Recommended to ☯Bettie☯ by: Librarything
Read from August 26 to 29, 2013


Hmm, I thought this was going to be straight forward BOO!, yet reading through the premise it looks a little too out there for my usual taste. Nevertheless, I have been happily surprised on many an occasion.
for Johnny & Cabera
“Infected minds to their deaf pillows will discharge their secrets.” William Shakespeare

Opening: I want to burn down his house. I will. He used Karen. I can’t stomach that. He was older than piss and uglier than a worm. He lived just down the street with his lights on until late at night. He had an artic fox that turned blue in the summer. But then he had to gouge his kitty’s eye out when it killed his pretty blue Alopex lagopus one dreary midnight.

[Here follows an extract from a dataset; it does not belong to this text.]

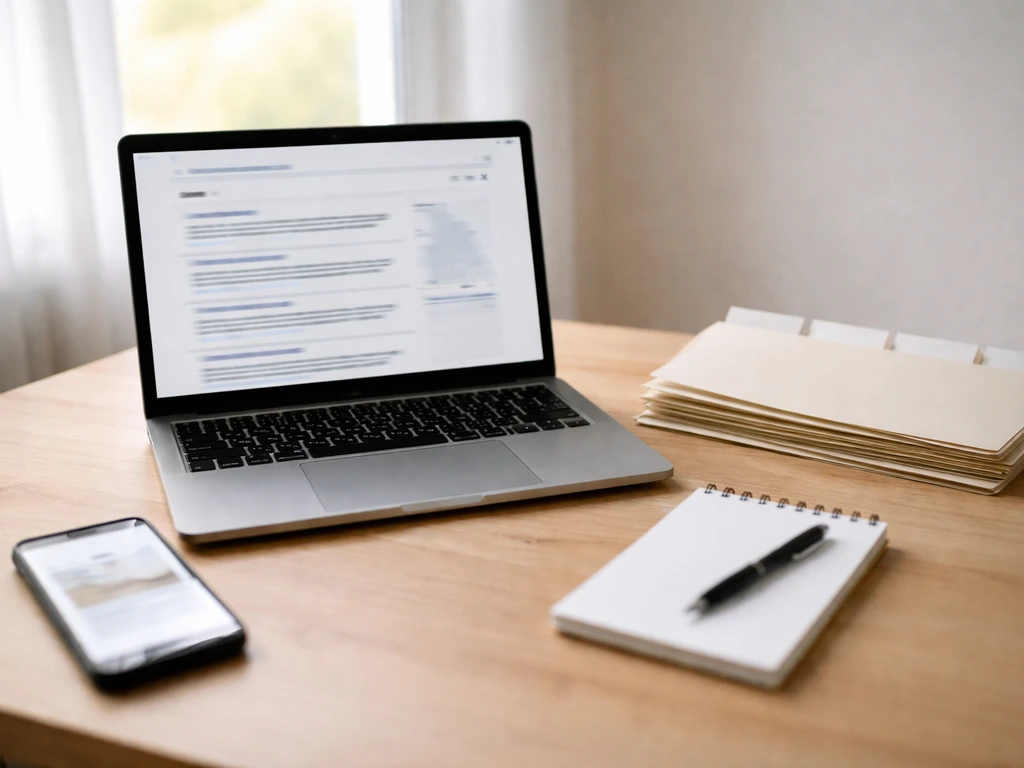 Close-up of a laptop and smartphone beside a business document folder, symbolizing data sources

National Geographic photo of Artic Fox alopex lagopus

LATER: An extended prose poem featuring Jack, the narrator:'I have a decade on most of the high school kids who work here. They live with their parents too, but for them it’s more natural.'

...who is mourning Karen's suicide, even though she was hardly his girlfriend:'Karen would never understand if I told her all about those dates I’d arranged on the beach only to break and sabotage them ten minutes before they were to begin. I am not in a good enough place to commit.

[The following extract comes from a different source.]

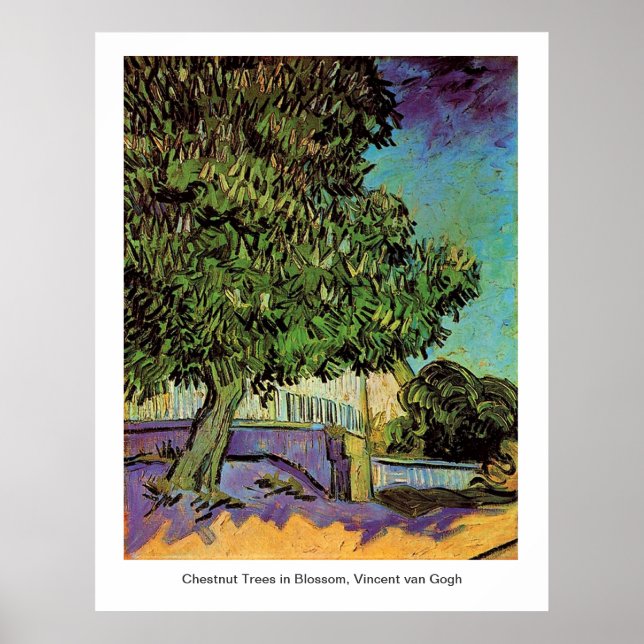 Chestnut Trees in Blossom, Vincent van Gogh. Poster (Front)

...because she had an sexual relationship with an older man:'What do you see in her, old man? Why do all these antediluvian douche bags want to rip off her panties with their dentures?'

Interspersed with macabre doodles and vomit-inducing passages this Romeo and Juliet story is not something for me, yet I can see in it a great appeal to mid-teen hipster/ goth types, and that seems to be the niche Patnaude is aiming for. And my distaste is an endorsement to the good for this genre.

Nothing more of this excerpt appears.